Augustiner-Bräu is the oldest independent brewery in the city of Munich, Bavaria, Germany. During the 14th century, a group of Augustinian hermits established a brewery just near their monastery and outside of Munich. The Augustiner uses the date 1328 as the year of the brewery’s founding. The Augustinian monk typically consumed the beverage they brewed and sold the rest for profit.

The monks were later driven out of the monastery when it was secularized. The brewery remained in its original building until 1817 when the building had fallen to complete disrepair. The brewery moved to Neuhauser Strasse in Munich’s “old town” district. A local brewing family purchased the brewery, and since then, the Augustiner-Bräu has been a privately-owned family business.

7) Spaten-Franziskaner Bräu (1363)

Spaten-Franziskaner Bräu (1363)

Another old Bavarian brewery is Spaten-Franziskaner Bräu. It was established in 1363 and named for the nearby Franciscan monastery. The brewery moved to different locations but retained its original ownership until 1861 when Joseph Sedlmayr became its sole owner. In 1864, the operations of another brewery, Leist, was shut down, and its entire production was transferred to Franziskaner Weissbier.

Franziskaner Weissbier trademarked its iconic logo in 1909. In 1922, Franziskaner merged with Spaten brewery, creating Spaten-Franziskaner-Bräu. Today, it is owned by the company AB InBev (Anheuser-Busch InBev), which is famous for its products such as Budweiser and Corona.

8) Stella Artois

Stella Artois brewery

The origins of Stella Artois date back in 1366 when Den Hoom brewery was established in Leuven, Belgium. In 1708, a man named Sebastien Artois became head of the brewery. Less than a decade later, Artois purchased the brewery, which he renamed as Brouwerij Artois.
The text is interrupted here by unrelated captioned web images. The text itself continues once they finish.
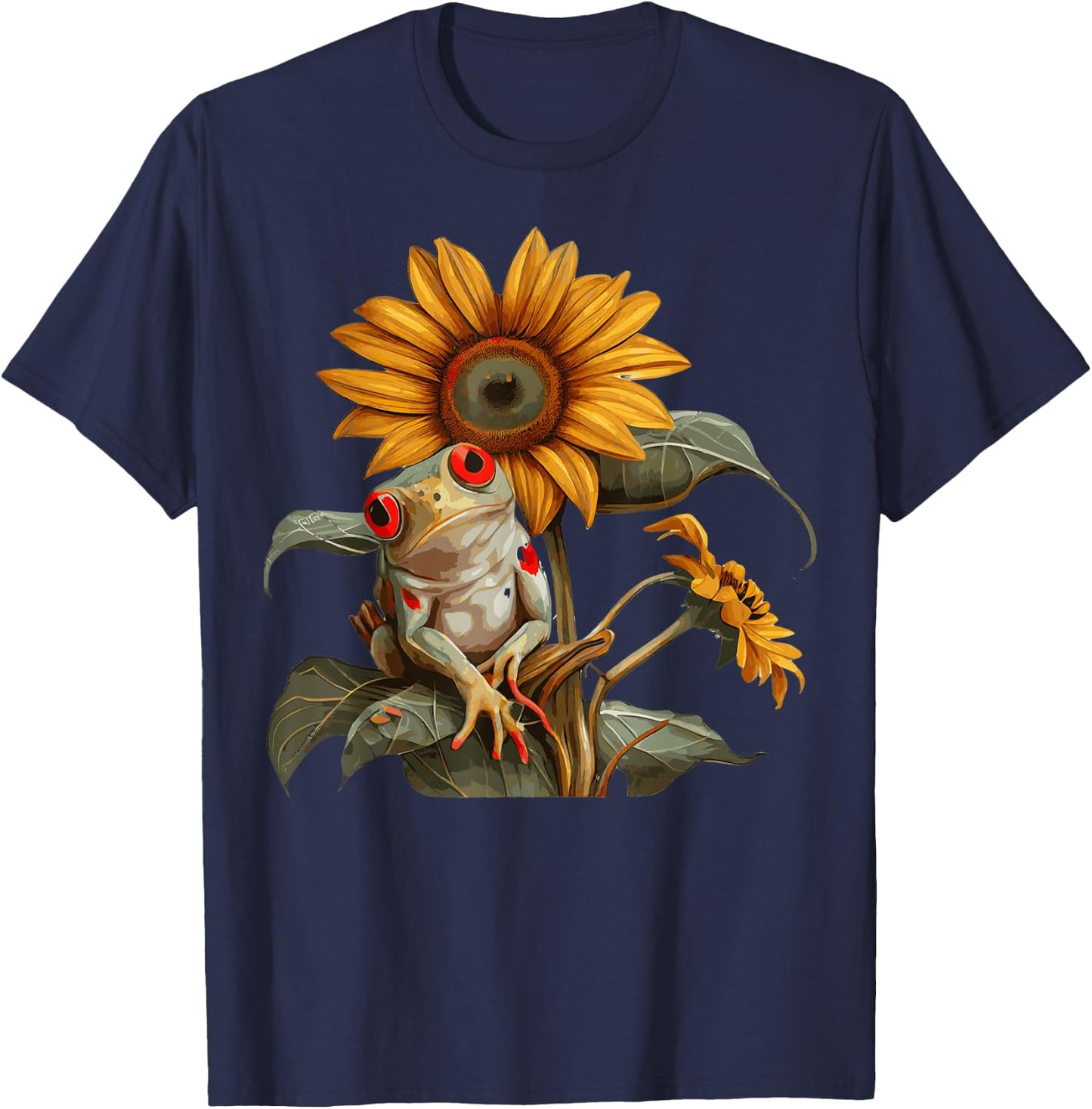 Cute Sunflower Red Eyed Tree Frog Lover Amphibian T-Shirt - T-Shirt | Navy
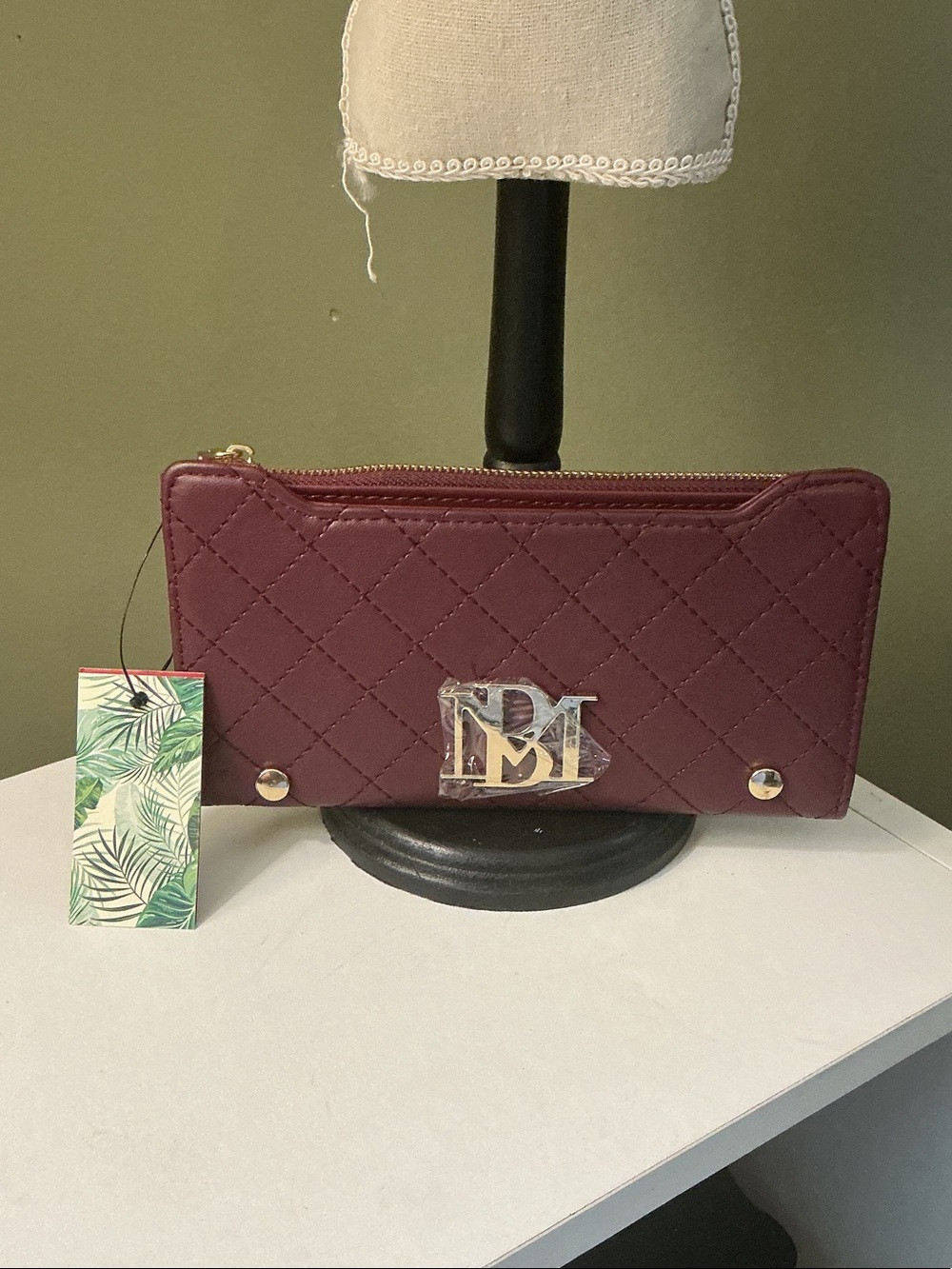 Badgley Mischka NWT Quilted Wine Clutch Long Wallet with Monogram Emblem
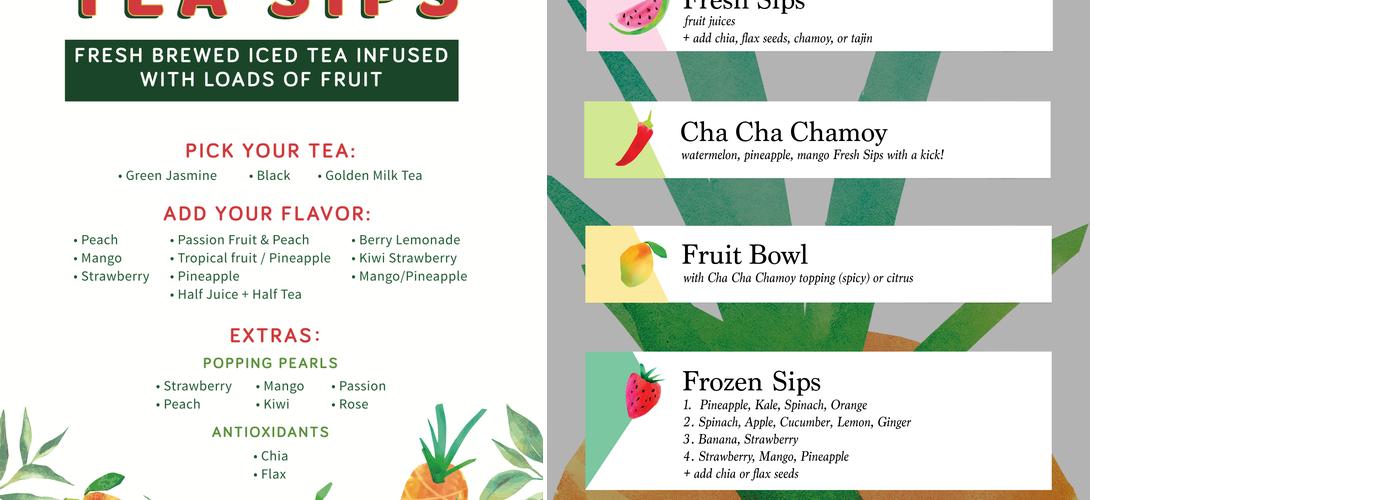 Sip Fresh Menu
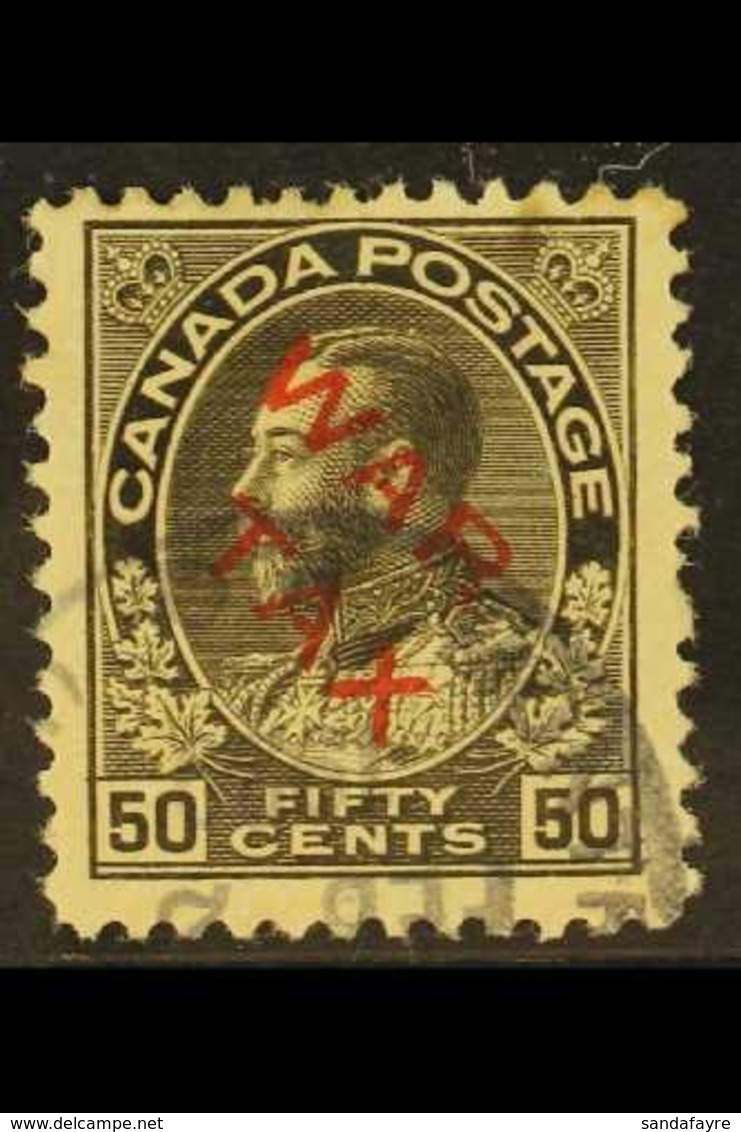 1915  50c Sepia "War Tax" Overprinted (red), SG 227, Used With Tiny Hinge Thin For More Images, Please Visit Http://www. - Sonstige & Ohne Zuordnung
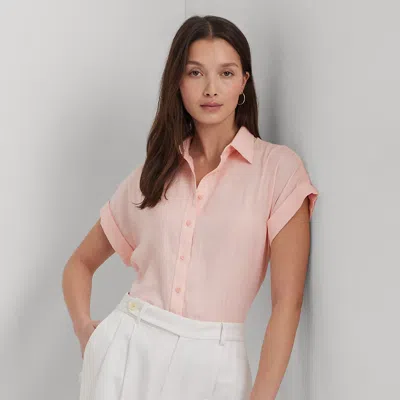 Lauren Petite Petite - Relaxed Fit Linen Short-sleeve Shirt In Pink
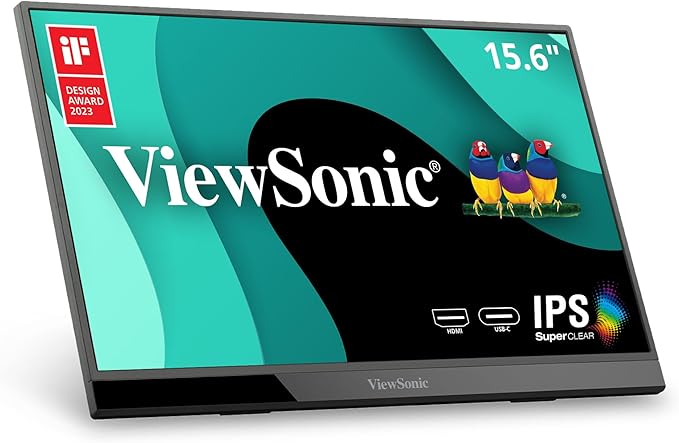 ViewSonic VX1655 15.6 Inch 1080p FHD Portable LED IPS Monitor with 2 Way Powered 60W USB C, Mini HDMI, Dual Speakers, and Built-in Stand with Tripod Mount,Black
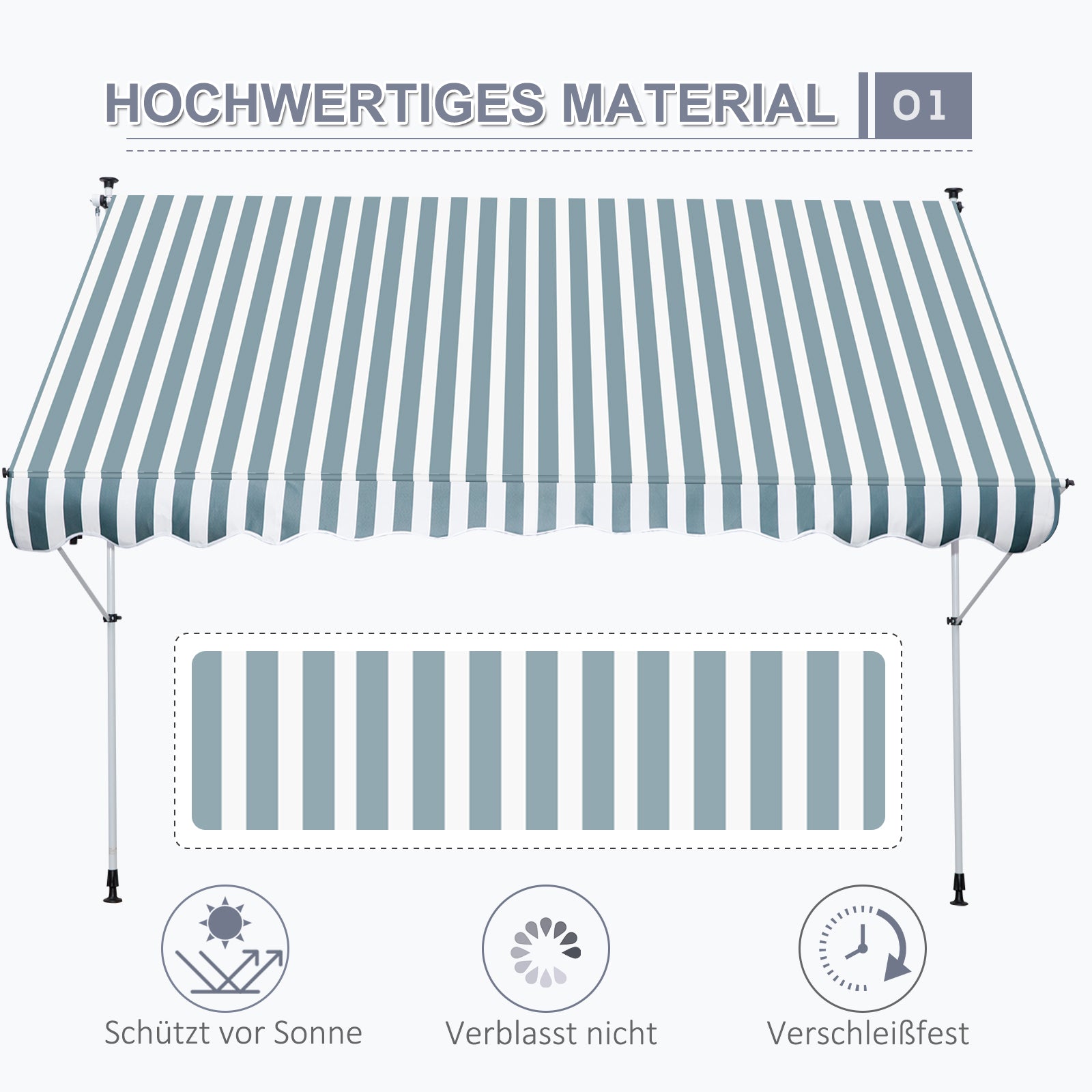 Clamp Awning with Hand Crank, Height Adjustable, Jointed Arm Awning, Dirt-Repellent, Weather-Resistant, Balcony Awning 150cm Wide, Terrace Awning for Terrace, Balcony, Porch Green+White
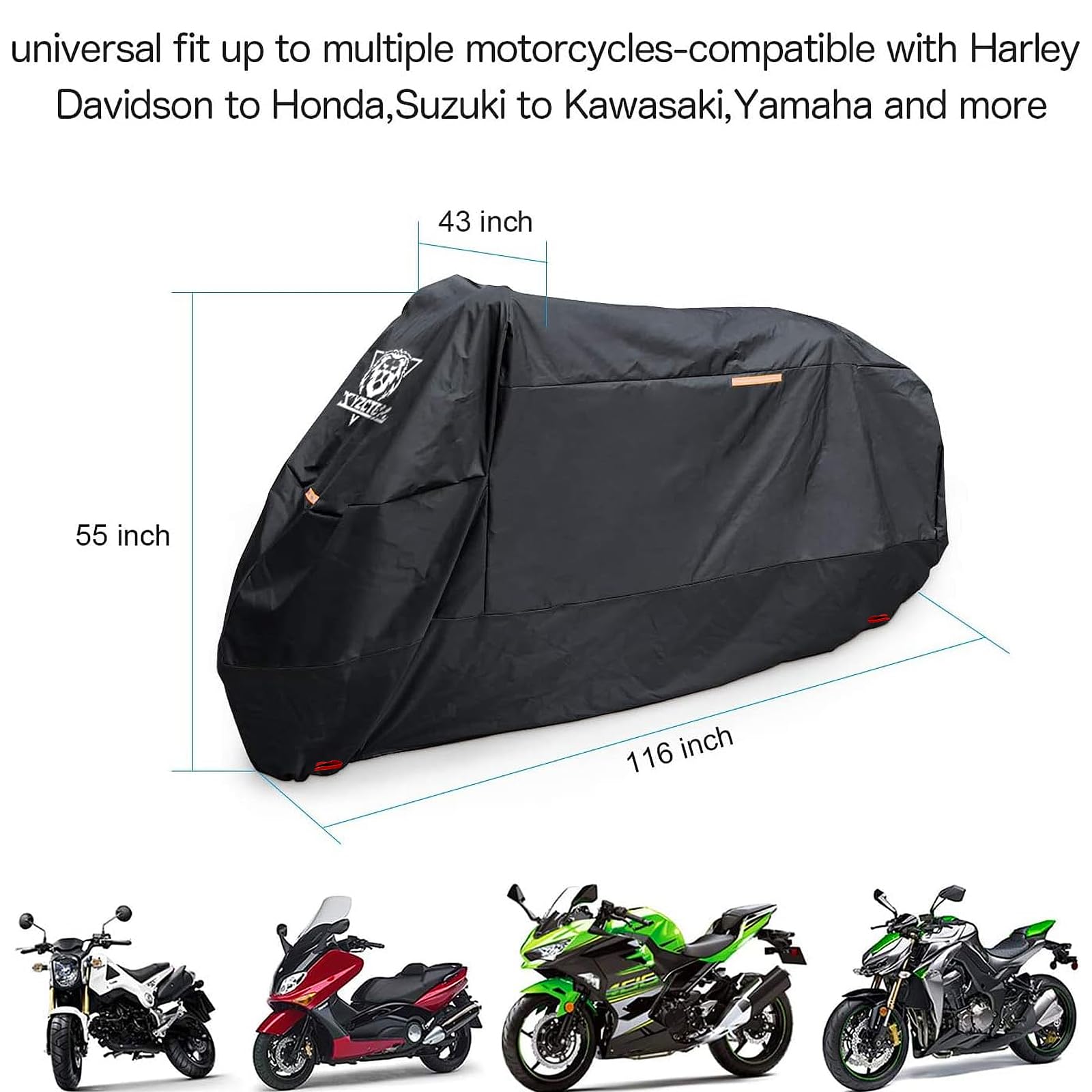 XYZCTEM covered motorcycle in driveway offering UV and rain protection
In 1926, the brewery introduced a new beer, Stella, as a Christmas beer (named after a Christmas star). What was initially a seasonal beverage eventually became available all year-round. It has since the brewery’s signature drink. Stella is now owned by Interbrew International B.V., which is a subsidiary of Anheuser-Busch InBev SA/NV. Stella Artois, the beer itself, is a type of pilsner with a 4.8% to 5.2% ABV.

9) Hubertus Brewery

Hubertus Brewery was established in 1454 in the town of Laa an der Thaya, Austria. The decade before, the city’s economy suffered, and in an attempt to revive it, it was seeking a brewing license. Ladislaus Posthumus, the Duke of Austria and king of Bohemia and Hungary, finally awarded the city the license to brew. For the next 400 years or so, Hubertus had been leasing the right to brew beer from the king. In 1847, a man named Anton Kuhtreiber purchased the rights and re-established the brewery as Hubertus Brau. It has been a privately-owned family business since.

10) Stiegl Brewery

Stiegl Brewery was established in 1492 in Salzburg, Austria, and since then, it has been a popular beverage, as well as an integral part of Austria’s unique beer culture. Its original location was in downtown Salzburg, but it relocated to the Maxglan section of the city towards the end of the 1800s. The brewery has been operating in that location since.